Updated: March 12, 2016 6:07:41 am
Project delays are a common characteristic of the real estate market. Several well-known developers in Delhi-National Capital Region (NCR) and other parts of the country have seen their projects delayed for as long as seven years. If that is not enough, there are several cases where developers imposed random charges on the customers at the time of offering possession under different heads such as labour welfare charge, authority meter charge, one-year advance charge for club usage among others.
While these are some of the issues that have resulted in trust deficit in the market leading to a decline in demand, the Real Estate (Regulation and Development) Bill, 2015 that was passed by Rajya Sabha will look to address some of the concerns, if the proposals within the Bill see strict implementation at the ground-level.

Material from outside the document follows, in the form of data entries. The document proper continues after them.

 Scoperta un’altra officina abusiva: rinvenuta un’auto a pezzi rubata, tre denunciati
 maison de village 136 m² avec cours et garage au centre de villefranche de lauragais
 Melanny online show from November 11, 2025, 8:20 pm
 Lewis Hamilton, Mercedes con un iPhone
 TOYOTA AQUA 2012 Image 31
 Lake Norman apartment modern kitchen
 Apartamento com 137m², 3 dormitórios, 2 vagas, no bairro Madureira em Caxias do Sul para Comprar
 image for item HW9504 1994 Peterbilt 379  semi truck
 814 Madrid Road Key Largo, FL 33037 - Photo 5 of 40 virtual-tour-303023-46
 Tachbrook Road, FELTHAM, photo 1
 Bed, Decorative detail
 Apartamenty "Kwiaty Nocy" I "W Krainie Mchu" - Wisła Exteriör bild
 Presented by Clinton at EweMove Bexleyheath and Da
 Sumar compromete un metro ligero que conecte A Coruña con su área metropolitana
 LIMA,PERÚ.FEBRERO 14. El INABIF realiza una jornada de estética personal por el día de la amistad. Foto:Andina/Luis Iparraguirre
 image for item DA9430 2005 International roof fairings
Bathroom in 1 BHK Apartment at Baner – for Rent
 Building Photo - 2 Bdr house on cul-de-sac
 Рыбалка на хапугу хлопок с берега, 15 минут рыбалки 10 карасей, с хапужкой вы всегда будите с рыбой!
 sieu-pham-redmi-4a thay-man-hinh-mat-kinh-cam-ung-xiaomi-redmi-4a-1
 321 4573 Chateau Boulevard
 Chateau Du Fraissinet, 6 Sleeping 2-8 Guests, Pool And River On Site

In the absence of a regulator, aggrieved homebuyers have knocked all possible doors — from consumer courts to the Competition Commission of India and even high courts and the Supreme Court — for some relief.
The ambiguity surrounding who a homebuyer should approach in case of any dispute with the developer or in case of a delay in delivery is set to end now with the approval of the Bill in the Upper House of Parliament.
The Bill paves the way for setting up of Real Estate Regulatory Authority (RERA) and Appellate Tribunals in states.
While the regulatory authority and the appellate tribunals will be entrusted with the job of regulating transactions relating to both residential and commercial projects such as ensuring timely completion and hand-over of project, the Bill also provides that in case of a dispute, both the Appellate Tribunal and the regulatory authority will have to dispose of the case within 60 days.
Although it remains silent on providing recourse to customers stuck in projects under construction, the Bill does look to enthuse confidence among future homebuyers as they now have the assurance that the regulatory authority will have powers to push the developer or even penalise in case of any delay or deviation from the agreement. In an important move, the Bill proposes that the developer will have to pay interest for any default or delays at the same rate that homebuyers are charged.
Among other measures that look to provide protection to the homebuyers is the provision for developers to maintain 70 per cent of the money collected from buyers in an escrow account towards land cost and cost of construction. This will ensure that the money paid by the buyers is utilised in the same project.
It further provides clarity on the carpet area which has been a major concern. As a practice, at present, developers sell apartments on the basis of super built-up area but this will come to a halt now. The Bill clearly defines carpet area in the law.
Will this help revive the sector?
While the Bill has raised hopes and is expected to lift homebuyer confidence, question marks remain over its ability to revive the sector that is currently plagued with high unsold inventory, low demand, delayed delivery and high prices.
Experts say that the fact that the sector was unregulated till now and will now have a regulator will provide a lot of confidence to homebuyers, investors and increase transparency.
“If implemented in the right spirit, it could facilitate greater volumes of domestic as well as overseas investment flows into the country. Homebuyer confidence in the property market is also likely to revive, invigorating India’s property market,” said Anshuman Magazine, CMD, CBRE South Asia.
There are others who also feel that the passage of the Bill comes across as a much needed wave of hope as the sector lacks clarity and is riddled with legal disputes between consumers and developers.
“Delayed possession of properties has been a major cause of trust deficit in the space and has kept potential consumers away for a long time in case of long-term projects. However, state-level RERAs are now expected to ensure timely completion and hand-over. Homebuyers will be able to know the status of the land, site and layout plan, schedule of completion, and details on approvals from various government agencies and thereby bringing hope of revival,” said Dhruv Agarwala, CEO, PropTiger, a real estate advisory firm.
As demand in the market weakened over the last couple of years and the cash flows dried, developers were stressed for finances and they saw a sharp decline in the quality of their balance sheets, making it even tougher for them to get funding and complete their projects. A breather on account of funding from investors may play an important role in the revival of the sector.
Some say that the government’s recent decision relating to affordable housing and Real Estate Investment Trusts (REITs), along with the entry of regulator will work towards the revival of the sector. Industry insiders are of the view that exemption of dividend distribution tax (DDT) on the dividend declared by the portfolio company to REIT and InvIT was one of the most awaited decisions. Even though the Securities and Exchange Board of India had notified the regulatory framework for registration and regulation of Real Estate Investment Trusts in India in September 2014, REITs had not taken-off over the last 18 months as tax concerns prevailed.
“With this amendment, all the required fiscal support for REIT and InvIT to make it a reality has been provided. This will assist the developer and fund managers to raise funds through REIT / InvIT and create liquidity,” said, Hemal Mehta, partner, Deloitte Haskins & Sells.
While the Bill is expected to boost investor and buyer sentiment, there is a sense that it missed out on addressing some of the concerns of the developers and if that would have been done, it would have led to stronger revival of the sector.
“Interests of the developer community too needs to be addressed with the requirement for regulatory authorities promoting a single-window system of clearances for projects, along with the digitisation of land records,” said Magazine.